Nauter pisze:Myślę, że ograniczenie przestrzeni będzie dobrym posunięciem, chcę poczekać kilka dni jeszcze.
Tylko czy w ograniczonej przestrzeni kot i tak nie znajdzie sobie, miejsca do ukrycia z którego będzie wychodził tylko nocą?
Fakt wtedy łatwiej go kontrolować i próbować przekupić jakimiś smakołykami.
przede wszystkim starałabym sie w tym pokoju przebywać, siedzieć tam, czytać sobie coś - moze być cichym spokojnym głosem na głos trochę, włączyć radio, przeglądać komputer - być dla kota, ale w taki spokojny sposób, żeby się przyzwyczajał do człowieka, ale tez robił to w swoim tempie.
Generalnie, jak do mnie trafiają takie maluchy - zwykle to były dzikunki, to zawsze zamykałam im przestrzen i byłam z kociakami, spałam w pokoju, w którym były, żeby w nocy mogły jak spię sobie na spokojnie mnie obwąchać, obejrzeć itp.

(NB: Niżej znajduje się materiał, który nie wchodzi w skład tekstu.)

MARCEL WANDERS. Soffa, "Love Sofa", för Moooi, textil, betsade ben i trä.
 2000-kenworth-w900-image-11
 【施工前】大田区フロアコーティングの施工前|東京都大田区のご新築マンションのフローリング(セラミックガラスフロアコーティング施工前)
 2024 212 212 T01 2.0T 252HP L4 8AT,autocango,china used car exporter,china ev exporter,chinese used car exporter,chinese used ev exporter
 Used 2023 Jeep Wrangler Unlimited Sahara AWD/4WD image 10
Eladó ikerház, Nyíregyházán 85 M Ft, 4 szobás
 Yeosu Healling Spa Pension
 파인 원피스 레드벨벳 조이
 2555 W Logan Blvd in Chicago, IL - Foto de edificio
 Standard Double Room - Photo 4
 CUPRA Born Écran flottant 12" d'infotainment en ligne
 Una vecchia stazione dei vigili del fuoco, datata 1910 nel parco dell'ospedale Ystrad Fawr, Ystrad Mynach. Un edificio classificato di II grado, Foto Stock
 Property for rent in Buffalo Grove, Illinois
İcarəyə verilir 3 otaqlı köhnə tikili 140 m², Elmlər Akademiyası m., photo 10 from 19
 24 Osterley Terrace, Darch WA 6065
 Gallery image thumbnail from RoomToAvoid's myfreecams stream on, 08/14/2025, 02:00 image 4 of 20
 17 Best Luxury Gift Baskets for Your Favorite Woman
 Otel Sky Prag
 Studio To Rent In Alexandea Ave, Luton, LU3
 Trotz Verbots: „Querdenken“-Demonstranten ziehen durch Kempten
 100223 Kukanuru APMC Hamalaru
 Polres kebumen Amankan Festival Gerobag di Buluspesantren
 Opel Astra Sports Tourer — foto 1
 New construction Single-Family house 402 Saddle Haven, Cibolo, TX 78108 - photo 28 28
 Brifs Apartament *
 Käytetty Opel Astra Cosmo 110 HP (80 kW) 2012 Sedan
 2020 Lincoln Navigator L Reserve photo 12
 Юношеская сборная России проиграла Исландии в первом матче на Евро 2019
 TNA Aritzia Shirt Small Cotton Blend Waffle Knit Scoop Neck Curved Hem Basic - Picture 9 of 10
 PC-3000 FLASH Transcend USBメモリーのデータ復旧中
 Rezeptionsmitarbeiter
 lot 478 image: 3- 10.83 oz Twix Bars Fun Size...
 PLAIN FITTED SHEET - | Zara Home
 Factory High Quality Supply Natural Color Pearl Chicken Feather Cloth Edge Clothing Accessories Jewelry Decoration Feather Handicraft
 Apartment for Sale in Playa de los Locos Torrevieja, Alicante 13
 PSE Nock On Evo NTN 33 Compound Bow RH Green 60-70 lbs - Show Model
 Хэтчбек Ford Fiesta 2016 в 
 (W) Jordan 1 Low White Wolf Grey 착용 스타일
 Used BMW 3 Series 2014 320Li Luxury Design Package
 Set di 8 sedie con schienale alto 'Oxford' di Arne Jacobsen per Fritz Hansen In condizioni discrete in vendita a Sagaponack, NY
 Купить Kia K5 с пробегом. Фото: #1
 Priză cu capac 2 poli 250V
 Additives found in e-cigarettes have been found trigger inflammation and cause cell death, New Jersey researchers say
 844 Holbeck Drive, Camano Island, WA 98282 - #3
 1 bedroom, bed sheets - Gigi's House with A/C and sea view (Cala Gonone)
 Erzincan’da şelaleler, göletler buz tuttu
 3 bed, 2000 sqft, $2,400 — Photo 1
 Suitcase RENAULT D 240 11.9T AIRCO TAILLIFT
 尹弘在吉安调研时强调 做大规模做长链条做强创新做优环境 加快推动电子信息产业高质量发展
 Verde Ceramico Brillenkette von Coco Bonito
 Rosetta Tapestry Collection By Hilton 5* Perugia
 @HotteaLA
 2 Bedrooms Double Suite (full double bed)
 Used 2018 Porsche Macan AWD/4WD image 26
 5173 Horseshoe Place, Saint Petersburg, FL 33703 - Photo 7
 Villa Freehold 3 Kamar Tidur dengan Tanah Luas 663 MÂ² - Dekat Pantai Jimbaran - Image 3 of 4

Ale też takie maluchy najczęściej wyciągałam z dziur i tuliłam do siebie, brałam za tzw pazuchę, żeby słyszały bicie serca i czuły ciepło- zawsze mi się to sprawwdzało.
I przyznam też, że nie rozumiem, jako osoba, która odchowała kilka kocich miotów maluchów dzikusków wyciąganych z jakichś rur kanalizacyjnych, ruder itp i widziałam, jak te dzieciaki się zachowują- nie rozumiem powtarzających się tu przypadków kociaków z hodowli, a więc wychowywanych w bezpiecznych warunkach, takich, które od urodzenia powinny miec kontakt z człowiekiem - a po pójściu do nowego domu zachowują się jak dzikuski, chowają się, boją.
Kompletnie nie rozumiem, co tu idzie nie tak?